Ama ülkemizi çok gezmiş biri olarak kendi deneyimlerim var. Onlardan yola çıkarak bir temel saptama yapabilirim: Evet, ülkemizde bir misafirperverlikten bahsedebiliriz. Ama size ayran ikram edecek her teyzeye karşılık orada bulunmanıza gıcık kapacak bir dayı da mutlaka vardır.
Mesela bir Niğde seyahatimizde ekipteki erkek arkadaşlardan biri atlet giydiği ve biraz da kaslı olduğu için domatese iki kat fiyat ödemiştik. “Domates ne kadar” diye sorduk, “8 lira” dedi. “Üstünde 4 yazıyor ama” dedik, “Doğrudur ama size 8 lira” dedi. Dağa çıkmak için gitmiştik, en yakın marketle de aramızda mesafe vardı, verdik 8 lirasını, aldık.
Aynı arkadaş sonra Akdeniz Bölgesi’nde başka bir tırmanış projesi için kamp kurmuşken gece çadırının önünde, elinde kürek olan köylüleri buluyor. Allah’tan Japon olmadığı için hırsızlık veya bölgenin ahlakına aykırı herhangi bir durum için orada bulunmadığını anlatmayı başarıyor da küreği kafasına yemeden kurtuluyor. Sonrasında ne zaman Yaşar Kemal’in ismi geçse “Hiç anlatmasın bana o Anavarza insanının misafirperverliğini, bıraksın o işleri, gözümle gördüm ben, kafama küreği indiriyorlardı durduk yere” der dururdu.
Sonra bir iş arkadaşımızı görev aşkıyla Karadeniz’e gönderip mide krampıyla geri almamız var.
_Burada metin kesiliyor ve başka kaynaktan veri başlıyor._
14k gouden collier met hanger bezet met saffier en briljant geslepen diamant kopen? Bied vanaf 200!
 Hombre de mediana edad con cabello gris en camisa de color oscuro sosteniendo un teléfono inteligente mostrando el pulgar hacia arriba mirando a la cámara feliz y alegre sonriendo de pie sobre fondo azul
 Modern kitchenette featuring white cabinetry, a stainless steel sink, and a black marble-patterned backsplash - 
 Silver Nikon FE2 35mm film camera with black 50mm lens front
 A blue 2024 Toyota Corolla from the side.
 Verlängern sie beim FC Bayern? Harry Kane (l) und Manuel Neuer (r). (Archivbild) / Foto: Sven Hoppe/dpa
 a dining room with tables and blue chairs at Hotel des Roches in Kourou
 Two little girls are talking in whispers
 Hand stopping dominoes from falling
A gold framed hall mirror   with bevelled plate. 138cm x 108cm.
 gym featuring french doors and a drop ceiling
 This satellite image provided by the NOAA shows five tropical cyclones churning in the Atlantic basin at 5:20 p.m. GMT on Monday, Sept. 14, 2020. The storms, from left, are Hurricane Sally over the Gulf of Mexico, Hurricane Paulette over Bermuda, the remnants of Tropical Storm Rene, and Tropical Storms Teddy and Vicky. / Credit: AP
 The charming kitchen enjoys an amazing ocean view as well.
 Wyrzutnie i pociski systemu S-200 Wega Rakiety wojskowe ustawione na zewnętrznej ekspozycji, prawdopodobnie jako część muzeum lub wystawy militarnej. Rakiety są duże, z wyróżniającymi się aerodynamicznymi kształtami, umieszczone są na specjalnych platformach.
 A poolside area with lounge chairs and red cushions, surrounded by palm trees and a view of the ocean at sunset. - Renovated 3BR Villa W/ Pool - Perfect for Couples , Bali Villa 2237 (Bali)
Büfede meyve suyu sıktırırken “Abi greyfurt koyma, mideme dokunuyor” demiş. “Greyfurt dokunur muymuş! Sen nereden geliyorsun” diye sormuş. Bizimki “İstanbul” deyince “İstanbul’dan geldin, bana şekil mi yapıyorsun, al iç şunu, bi şey olmaz” diye greyfurtlu meyve suyunu dayamış burnuna. “Mesele yaratacak gibiydi, içtim mecburen, üç gündür midem yanıyor” diye döndü.